Mothers of hostages mark nine months since Oct. 7, urge Netanyahu to take deal
Palpable frustration and chants of ‘shame’ as mothers appeal directly to the prime minister; ‘Partial deal is total failure’ reads slogan on stage
Mothers of hostages held by Hamas took part in a protest march alongside at least a thousand other demonstrators on Friday afternoon in Tel Aviv to mark nearly nine months since their children were taken captive.
Nine months will have passed since October 7 this coming Sunday, and the maternal significance of the timespan was not lost on the dozens of mothers leading the march from Habima Square to the nearby Hostages Square a few blocks away.
“Every mother knows what it’s like to go through pregnancy,” said Shira Albag, mother of 19-year-old Liri Albag, in Friday’s blistering heat before the march took place. “I carried Liri for nine months… for nine months now my Liri is there, dealing with darkness in the tunnels, lack of air, and homesickness.”
“There is right now a deal on the table,” she continued, calling on Prime Minister Benjamin Netanyahu to “show leadership and courage and sign off the deal.”
The strictly apolitical stance of the march organizer, the Hostages and Missing Families Forum, was not able to contain chants of “shame!” directed at the prime minister once the demonstrators had reached Hostages Square.

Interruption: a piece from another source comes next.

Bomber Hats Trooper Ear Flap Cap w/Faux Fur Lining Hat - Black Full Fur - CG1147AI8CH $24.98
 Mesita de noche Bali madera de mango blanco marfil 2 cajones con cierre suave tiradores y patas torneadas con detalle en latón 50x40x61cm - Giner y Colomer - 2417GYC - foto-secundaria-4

The chant echoed throughout the crowd during the speech of Nitza Korngold, the mother of 38-year-old Tal Shoham, who accused Netanyahu’s government of intentionally jeopardizing hostage negotiations.
“Our government, that has the obligation to do everything, everything, to come to an agreement to free the hostages, [instead] torpedoes negotiations and the possibility of coming to a deal again and again,” she said.
The chant was accompanied by two slogans displayed on one of the smaller stages in Hostages Square, which protesters congregated around after completing the march — “Yes to the ‘Netanyahu deal'” and “A partial deal is total failure.”
The latter slogan was a sharp criticism of the prime minister for statements he made last month to the right-wing Channel 14, where he said he is only prepared to agree to a “partial deal,” appearing to contradict the terms of Israel’s latest ceasefire and hostage deal proposal presented by US President Joe Biden last month.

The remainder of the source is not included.